A Photo That Stopped the World.

Generations are defined by the images and events they grew up with. From the First World War, the Great Depression, the Second World War, the assassination of John F. Kennedy and Neil Armstrong setting foot on the Moon, all the way along to the fall of the Berlin Wall, the death of Princess Diana and, of course, the catastrophic events of September 11, 2001. All some of the most symbolic and poignant historical events of the last century, each either defined a generation or separated two, but they remain etched in the memory of even those of us who weren’t alive when they happened through the images that simply won’t go away.

In 1972, one harrowing image changed public attitudes to the Vietnam War to dissent, for millions of people. That image was, of course, the photograph taken by Vietnamese photographer Nick Ut of a young naked girl running across a country road, after being burned with napalm during a South Vietnamese bombing raid on her village. For years beforehand, many Westerners had been staunchly in protest of the war in Vietnam, and the widespread distribution of this photograph only added fuel to the fire. Of that fateful day in 1972, Ut says, “You know, I had been outside the village that morning and I took a lot of pictures. I was almost leaving the village when I saw two aeroplanes. The first dropped four bombs and the second aeroplane dropped another four napalm bombs.” Ut now claims, “The pictures were shown in America, they were shown everywhere. They were shown in all the Communist countries - in China and in Vietnam. They still use the photo. Even though pictures are taken in every war, they still show the picture of Kim. They don’t want it to happen again – not napalm.” (http://news.bbc.co.uk/2/hi/asia-pacific/4517597.stm)

This devastating photograph shows the horrors of the war right from the perspectives of those who were on the frontline by accident – the civilians. The girl’s nakedness show how said civilians were never shielded from the war, and that they were stuck in the middle of a battlefield, and however justified the attack, the photograph depicts the horrors of war in a clear and concrete manner, without being toned down for the masses. It unsurprisingly – and deservedly – earned Nick Ut a Pulitzer Prize (Rademaker 2004).

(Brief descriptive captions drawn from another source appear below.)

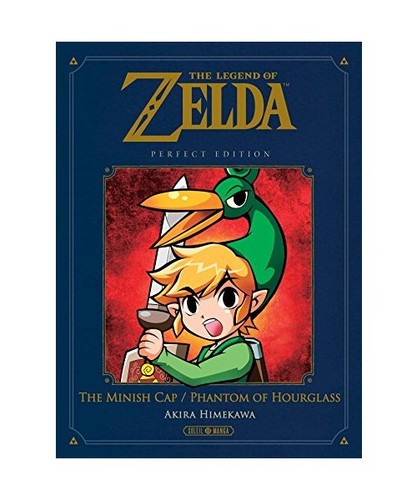 Legend zelda the minish - legend,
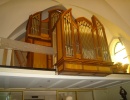 Organy w kościele NSPJ w Bieruniu Nowym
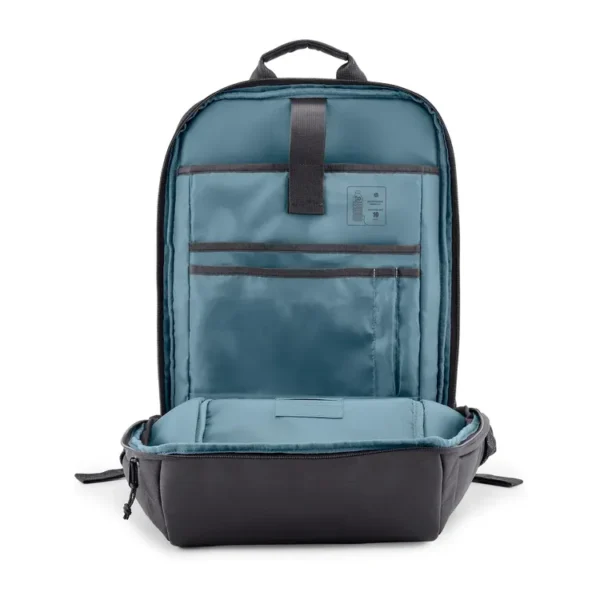 Morral HP Travel Iron 15,6" 18 Litros Gris - Imagen 8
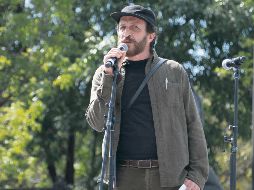 El actor encarna a un villano que no conoce límites cuando se trata de conseguir sus metas. EL UNIVERSAL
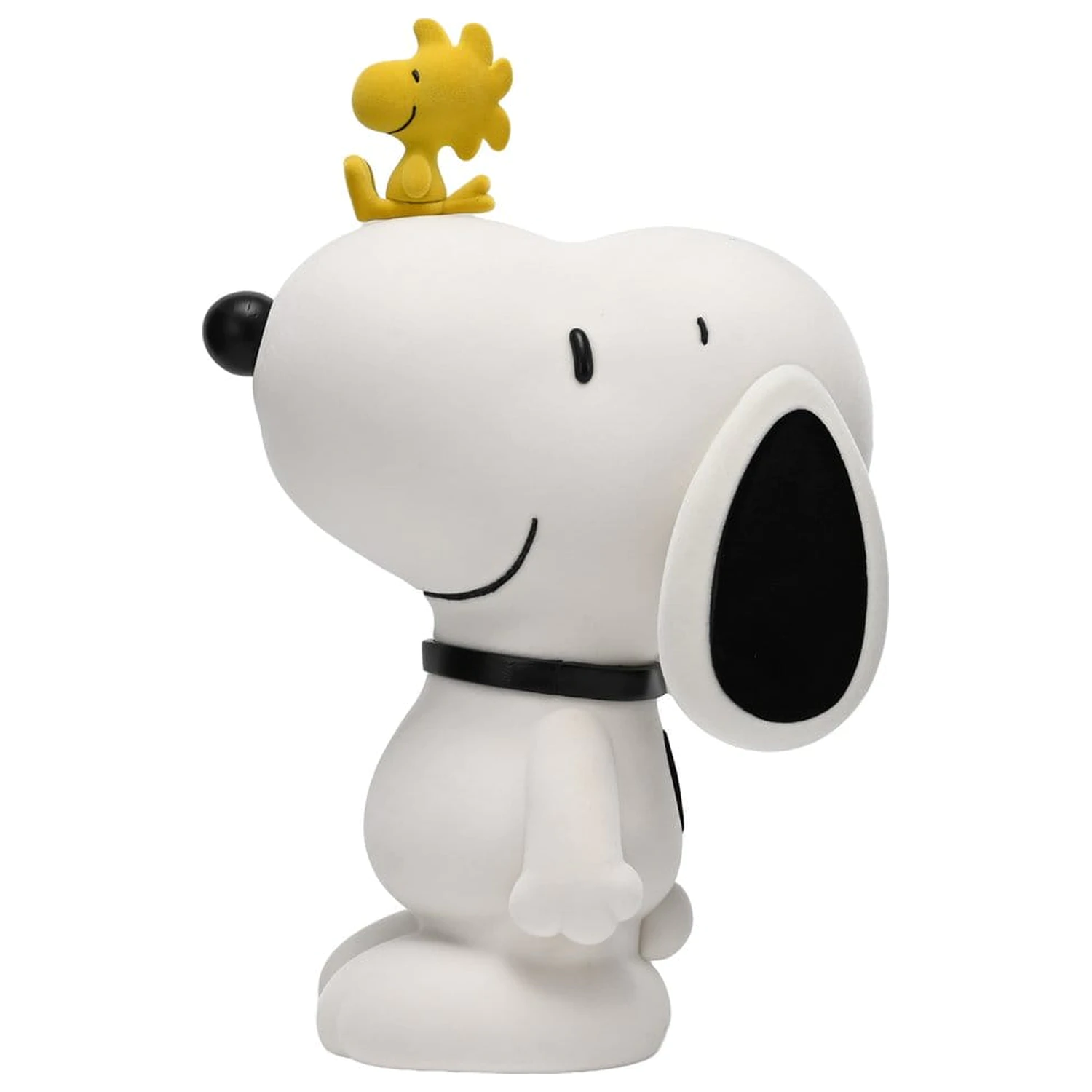Snoopy Figuralna Banka Snoopy & Woodstock (Flocked) fotografija izdelka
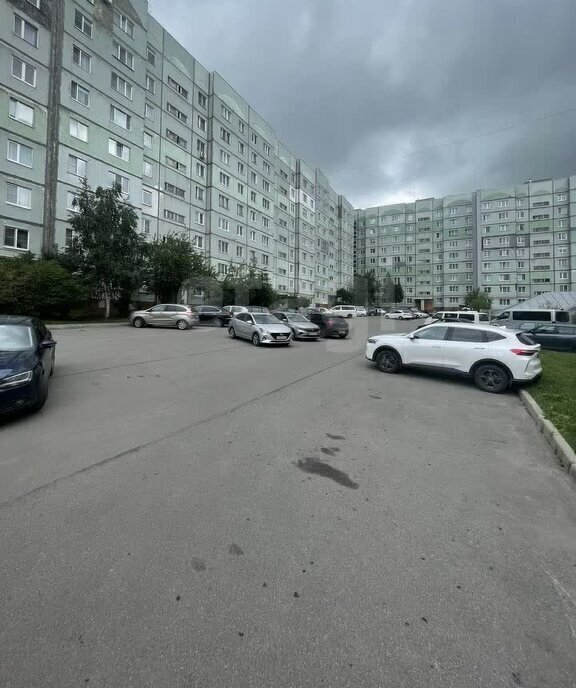квартира г Вологда ш Пошехонское 15 фото 15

Photography is a tool for the eternal capturing of a single moment in time. Photographers like to use their own views to preserve an image for all time so the other side of the photograph is artistic, not neutral. Just like a writer or an artist can use their imagination to show off their creativity, to do that photographers use nothing but the truth. Photographers like Nick Ut risked their lives so that they could show they world what their politicians, both then and now, don’t what them to see – another side of the story which is simply too powerful to be propaganda (Rademaker 2004).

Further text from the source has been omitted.